Este está a ser o problema com Call of Duty. Phil Spencer disse que pretende manter a série na PlayStation por mais anos, além do acordo atual entre a Sony e a Activision. Essa promessa foi feita pelo próprio líder da Xbox, numa carta-contrato enviada a Jim Ryan no início do ano, caso a aquisição da Activision fosse concluída como previsto. Numa nota enviada ao The Verge, Phil Spencer referiu que Call of Duty e toda a paridade de conteúdo seria lançado na PlayStation por mais anos e em simultâneo, naquele que seria um acordo muito além dos praticados na indústria de gaming.
O certo é que se por um lado Phil Spencer diz que tornar Call of Duty um exclusivo Xbox não seria lucrativo e a falta de vendas em outras plataformas como a PlayStation teria de ser compensada com muitos subscritores no seu serviço Game Pass, por outro lado, a Sony diz que o negócio irá influenciar as futuras vendas das suas consolas.

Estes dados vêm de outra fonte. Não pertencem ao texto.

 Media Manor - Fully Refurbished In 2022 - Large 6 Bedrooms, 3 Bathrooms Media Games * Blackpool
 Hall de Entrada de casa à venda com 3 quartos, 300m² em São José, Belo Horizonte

Esta troca de argumentos tem surgido porque o Conselho Administrativo de Defesa Económica (CADE) do Brasil torna públicos todos os documentos enviados aos reguladores pelas partes interessadas.

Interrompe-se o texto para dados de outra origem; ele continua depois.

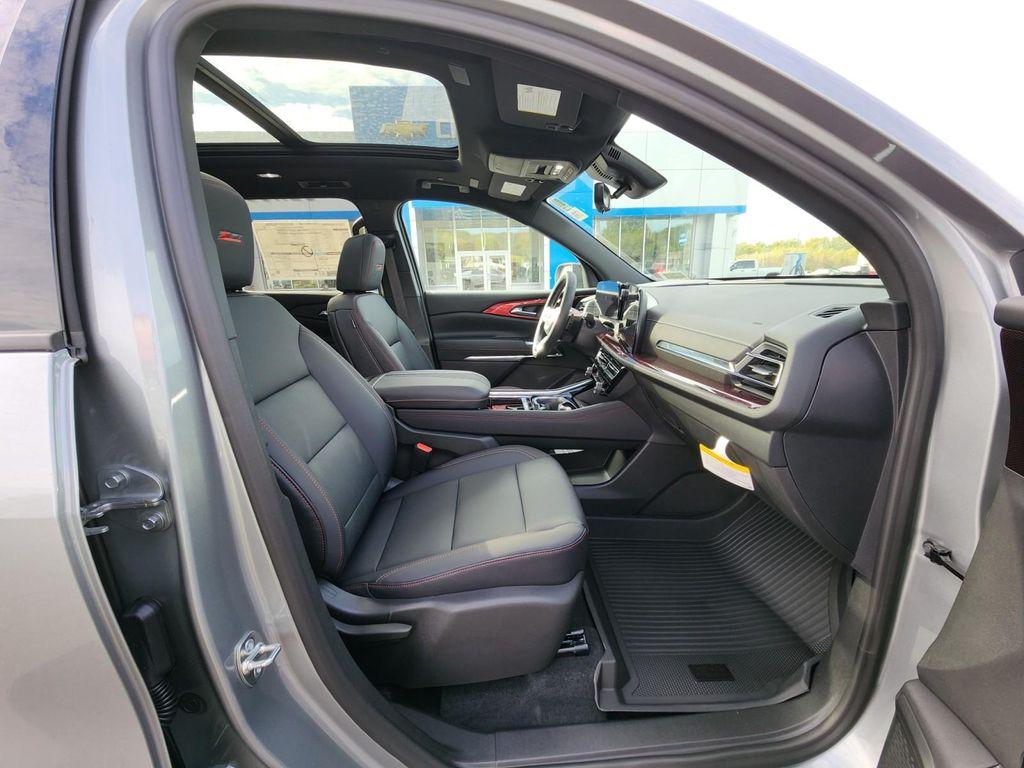 new 2026 Chevrolet Traverse car, priced at $52,453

Mas quantos anos vai Call of Duty afinal ficar na PlayStation? Estima-se que o acordo atual entre a Sony e a Activision sejam de três lançamentos, incluindo o próximo capítulo que sai no final do ano, Call of Duty: Modern Warfare 2, segundo alguns analistas e "insiders" da indústria, como o jornalista Tom Henderson. Mas à luz dos mais recentes comentários da Phil Spencer, sobre os “acordos prolongados”, Jim Ryan veio responder que o acordo proposto não é suficiente e terá impacto nos jogadores de PlayStation.
“Não tinha intenções de comentar aquilo que entendo ser uma discussão de negócios privada, mas sinto a necessidade de esclarecer porque Phil Spencer trouxe-o para o fórum público”, referiu Jim Ryan. O líder da PlayStation afirma que a Microsoft apenas ofereceu mais três anos depois do acordo entre a Activision e a Sony acabar. “Depois de quase 20 anos de Call of Duty na PlayStation, a sua proposta foi inadequada em vários níveis e falhou em ter em conta o impacto nos nossos jogadores. Queremos garantir que os jogadores PlayStation continuem a ter a melhor qualidade da experiência Call of Duty, mas a proposta da Microsoft mina esse princípio”.

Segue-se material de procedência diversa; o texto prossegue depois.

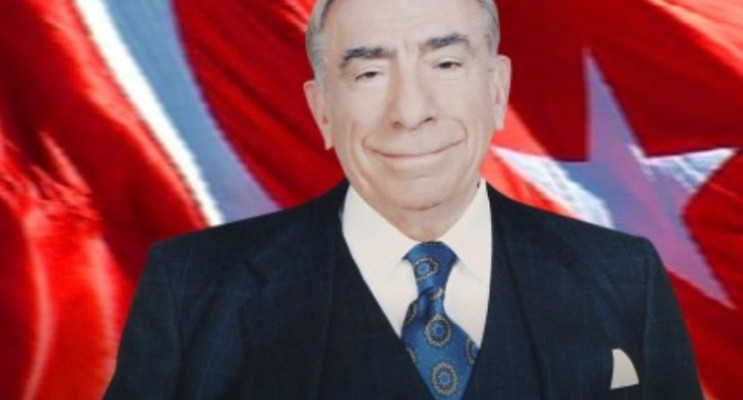 Alparslan Türkeş’in Hayatı ve Milliyetçilik Mücadelesi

Isso poderá significar que, considerando que a Microsoft compre a Activision Blizzard, Call of Duty pode manter-se na PlayStation durante mais cinco anos, mantendo-se o calendário de lançamentos anuais da série e descartando o próximo título que chega em menos de dois meses. Esse período será o tempo que a Microsoft provavelmente precisa para consolidar o serviço Game Pass.
Mas para fechar o negócio, a Microsoft tem de convencer os três principais reguladores mundiais. O primeiro é o regulador dos Estados Unidos, o FTC (Federal Trade Commission), cuja investigação já entrou na segunda fase. O segundo é o CMA do Reino Unido (Competition and Markets Authority), com a primeira fase começou em julho e a segunda em setembro. Por fim, terá de passar pela Comissão Europeia, cujo processo ainda nem chegou às mãos de Margrethe Vestager.
Para esclarecer, na primeira fase são reunidas as informações necessárias do negócio e enviados questionários para a concorrência. A maioria dos negócios são concluídos nesta fase, mas no caso de um negócio desta dimensão, a segunda fase obriga a análise mais profunda do impacto no mercado, sobretudo quando são levantadas questões de antitrust, como é o caso. Estes reguladores têm o poder de impedir o negócio, bastando um deles negar, para ser aplicado globalmente, como explica o Games Industry.
E Call of Duty é uma licença tão importante, que só por si poderá colocar a Microsoft numa posição dominante. E isso poderá causar um entrave à conclusão do negócio, se a Microsoft falhar em provar que vai manter a série multiplataformas.